Diciendo esto, trajo un pañuelo y desdoblando una de las puntas despaciosamente, y como si se tratara de la más vulnerable y santa reliquia, sacó una moneda de plata que puso ante la vista de Santorcaz sin permitirle que la tocara.
—Esto me dio —añadió enjugando con el mismísimo pañuelo las lágrimas que de improviso corrieron de sus ojos—; esto me dio con sus propias manos aquel que vivirá en la memoria de los españoles mientras haya españoles en el mundo. Yo estaba barriendo la oficina cuando entró D. Pedro Velarde buscándole y le dije: «Mi capitán, hace un rato que salió con D. Jacinto Ruiz». Después D. Pedro entró y estuvo disputando con el coronel: al cabo de un cuarto de hora volvió a pasar por delante de mí. Quién me había de decir…
El Gran Capitán no pudo continuar, porque la pena ahogaba su voz; doña Gregoria se llevó también la punta del delantal sucesivamente a sus dos ojos, y Santorcaz más serio y grave que antes respetaba el dolor de sus dos amigos.
—Me han asegurado —dijo después de una pausa—, que ese D. Pedro Velarde iba a comer todos los días en casa de Murat. ¿Es que simpatizaba con los franceses?
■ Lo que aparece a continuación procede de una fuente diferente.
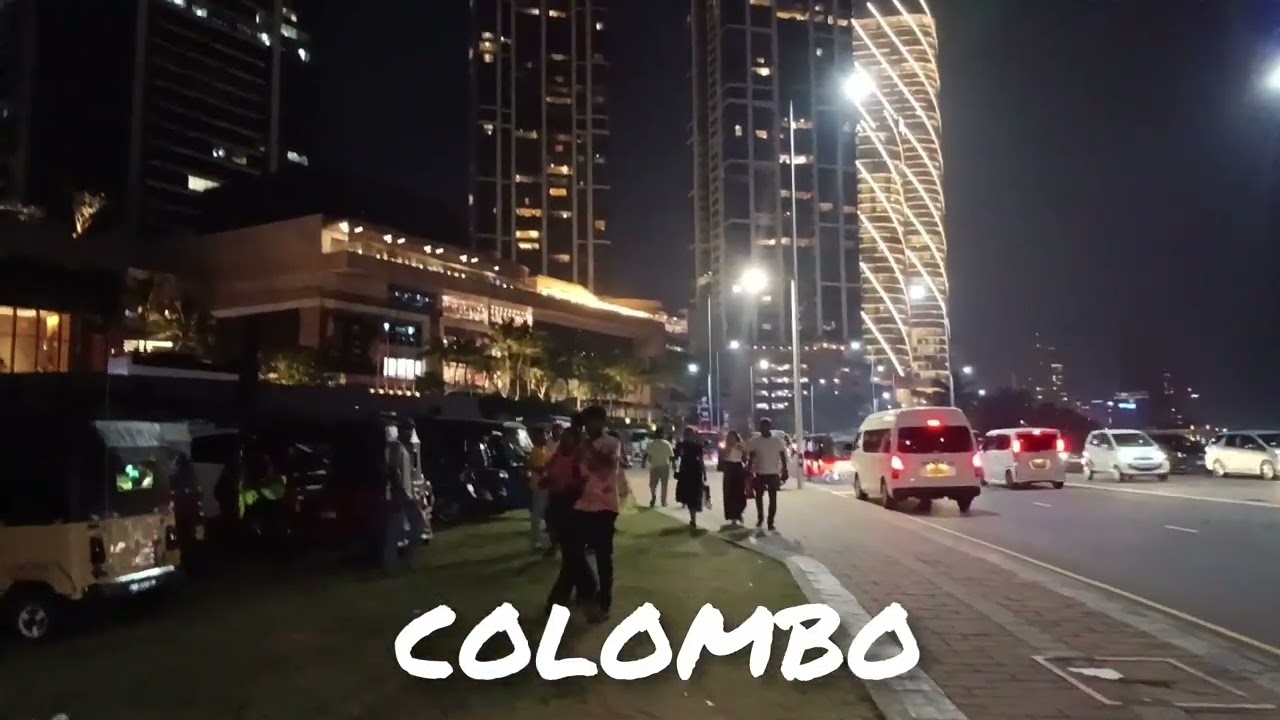 COLOMBO gold face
—No, no; y quien lo dijere miente —exclamó don Santiago, dejando caer de plano sobre la mesa sus dos pesadísimas manos—. D. Pedro Velarde pasaba por un oficial muy entendido en el arma, y como fue de los que el Rey envió a Somosierra a recibir al
melenudo
, este le trató, supo conocer sus buenas dotes y quiso atraérselo. ¡Bonito genio tenía D. Pedro Velarde para andarse con mieles! Le convidaban a comer, obsequiábanle mucho; pero bien sabían todos que si nuestro capitán pisaba las alfombras de aquel palacio era
para conocer más de cerca a la canalla
, como él mismo decía.
—Él y sus compañeros de Monteleón —dijo Santorcaz—, demostraron un valor tanto más admirable, cuanto que es completamente inútil. Aquí están ciegos y locos. Creen que es posible luchar ventajosamente contra las tropas más aguerridas del mundo, sin otros elementos que un ejército escaso, mal instruido, y esas nubes de paisanos que quieren armarse en todos los pueblos. La obstinación ridícula de esta gente hará que sean más dolorosos los sacrificios, y el número de víctimas mucho más grande, sin que puedan vanagloriarse al morir de haber comprado con su sangre la independencia de la patria. España sucumbirá, como han sucumbido Austria y Prusia, Naciones poderosas que contaban con buenos ejércitos y Reyes muy valientes.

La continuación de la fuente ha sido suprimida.